Namita spent most of her childhood growing up in Minnesota, although she lived in India for four years. During high school, she was involved in a variety of activities: she was active in student government as class president, played piano, and completed an intensive art portfolio. She explored her growing interest in international issues through one of her other main extracurricular activities: speech and debate, where she learned to analyze international legal issues and current events competing in the international extemporaneous category. Namita has always been interested in developing regions, which drew her to study Spanish in high school; she is also a heritage speaker of Hindi and Gujurati.

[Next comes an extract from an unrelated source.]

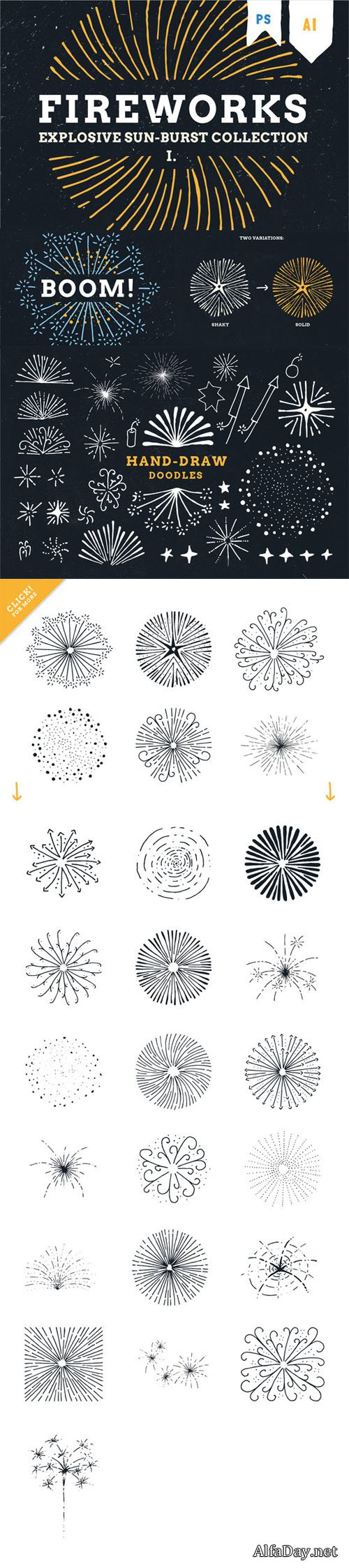 Fireworks - hand draw explosion pack - Creativemarket 108191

She discovered the Huntsman Program when she came to Penn for a campus tour and saw a pamphlet in the Office of Undergraduate Admissions! Upon looking into the program, she felt the Huntsman Program would give her a strong background in economics as well as the liberal arts. This was well aligned with her intention to pursue a career in public policy, specifically with respect to poverty and developing regions. However, Namita credits the Huntsman Program with broadening her perspective to see that solutions to poverty exist in the private sector in addition to the public sector.

The Huntsman Experience

The community feel has been the best part of the Program for Namita; she loved the instant bonding that occurred on KC3 freshman year, and feels the Program lounge encourages interaction between the different class years. She was looking for a community of people who were similarly self-motivated and intellectually curious, and she says she definitely found it in the Huntsman Program.

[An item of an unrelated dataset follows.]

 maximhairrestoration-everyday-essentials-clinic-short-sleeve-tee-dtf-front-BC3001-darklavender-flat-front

Her experience with classes has been great as well. One of her favorite courses, Biology 140, was one she took to fulfill a general requirement in the College of Arts and Sciences; the professor was extremely engaging, and “bounced around the classroom” discussing theories on evolution and his personal research. Namita is planning on concentrating in Business Economics and Public Policy, and BEPP 204 is another one of her favorite courses; it is on social welfare and taxation, and taking it during an election year – with a professor who worked on the Obama campaign – has allowed for the class to move from studying theories to what the candidates are actually saying about the issues.

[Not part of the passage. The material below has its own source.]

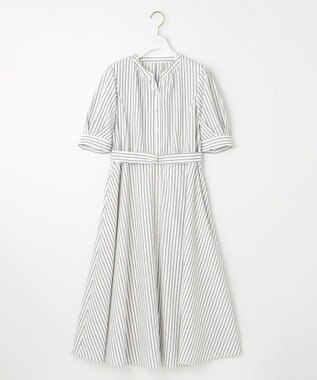 ANY SIS 【洗える】バンドカラー シャツワンピース グレーストライプ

During her senior year, she’s looking forward to taking Wharton electives such as negotiations, completing her political science minor, and taking more BEPP and legal studies courses on emerging economies. Beyond coursework, she’s involved in Penn for UNICEF, Rotaract, and Penn Microfinance, which is the first and largest microfinance consulting club in the country. It is divided into regional teams; during her freshman year, Namita was involved in the Latin American team, which consulted in Peru, and the following year, she led the trip to Nicaragua. Other past summer activities include interning at the Financial Services Volunteer Corps, which consults for central banks and stock exchanges in the developing world. This coming summer, she will be interning in antifraud analytics at PricewaterhouseCoopers. She hopes to someday work in development consulting, which she realizes would not be possible without the business background provided through the Huntsman Program.

Study Abroad Experience

Namita chose Cuba as her study abroad location due to her interest in international relations. She thought it would be interesting to contrast the communist thinking in Cuba with the capitalist thinking in the United States, and felt that the opportunity to visit Cuba while it was still largely closed to the outside was unparalleled. Her favorite class abroad was an introduction to Marxist/Leninist philosophy; her professor wholeheartedly rejected all the ideas of capitalist thought. What she took away from the course was “eye-opening” exposure to academic traditions antithetical to viewpoints held in America. Her most valuable takeaway from the experience as a whole was learning “how to talk about the gray area of anything,” which arose from her experiences discussing current events and politics with locals. She loved that the Huntsman Program wasn’t quite as structured as other study abroad opportunities, which also allowed her ample time to explore the island with her peers from Penn.